A mulher que não suporta o latido dos cachorros; os guardas que de súbito aparecem a sua porta, prometendo segurança durante toda a madrugada; o trabalho e a vida amorosa de um dos membros da família mais influente da região: tudo é material a ser explorado aqui.
Além de um roteiro brilhante, que mostra (como poucos filmes) a beleza e o brilho da vida como ela é, a obra possuí atributos técnicos notáveis. A fotografia segue uma linha não-convencional, ao passo que dá closes (aproximações) muito peculiares em determinados objetos cênicos, e também no ato de focar em determinadas ações, durante suas cenas, tornando o que poderia ser um ato simples em algo poético.

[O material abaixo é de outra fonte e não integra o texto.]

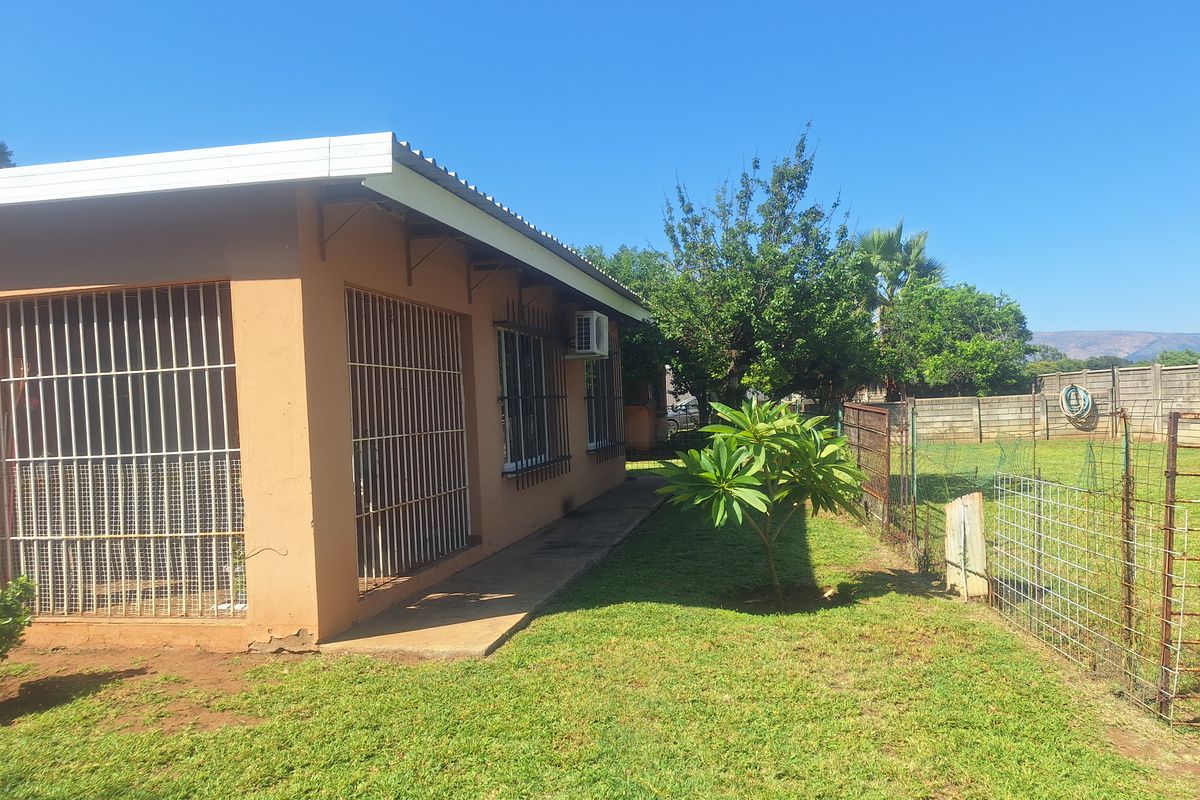Rear exterior view of the farm dwelling featuring a covered patio area, security bars on windows, and an established garden with perimeter fencing.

As atuações são outra parte notável no longa. A destaque para a atriz Maeve Jinkings, que faz Bia, uma mulher nervosa, com elevado nível de estresse e um aparente desequilíbrio emocional, ao passo que briga com vizinhas, agride os cachorros alheios e toma remédios para dormir (além de outras formas de se acalmar), mas ao mesmo tempo carinhosa e solícita com seus filhos. Ou seja, uma personagem de camadas, complexa, bem construída e interpretada. Outras personagens também despertam muito interesse, como a misteriosa Sofia (Irma Brown) e os cômicos Dinho e Clodoaldo (Yuri Holanda e Irabdhir Santos). Acima de tudo, aqui temos uma forte impressão de realidade, o que nos faz adentrar de maneira intensa na trama.
Não suficiente, a parte sonora do filme – algo que pode ser notado desde de seu título – é inquestionavelmente precisa e perfeitamente captada. Passos, sons da roda do carro no asfalto, beijos, bombas. A relação das personagens com a música. Pode-se sentir cada momento, viver cada cena como se estivéssemos ali.
Apesar da narrativa não convencional, onde não existe uma trajetória de começo, meio e fim, com um personagem central envolvido em uma problemática-chave que guie o roteiro, O som ao redor cria situações de pura tensão ou ternura, a partir de suas situações mundanas.
Assim, Kleber Mendonça Filho esbanja muito talento ao criar seu primeiro longa-metragem de ficção, de maneira memorável, através do entrelaçamento de histórias prosaicas, por meio planos originais genialmente sonorizados e uma narrativa muito particular. Filme indispensável no repertório de espectador brasileiro.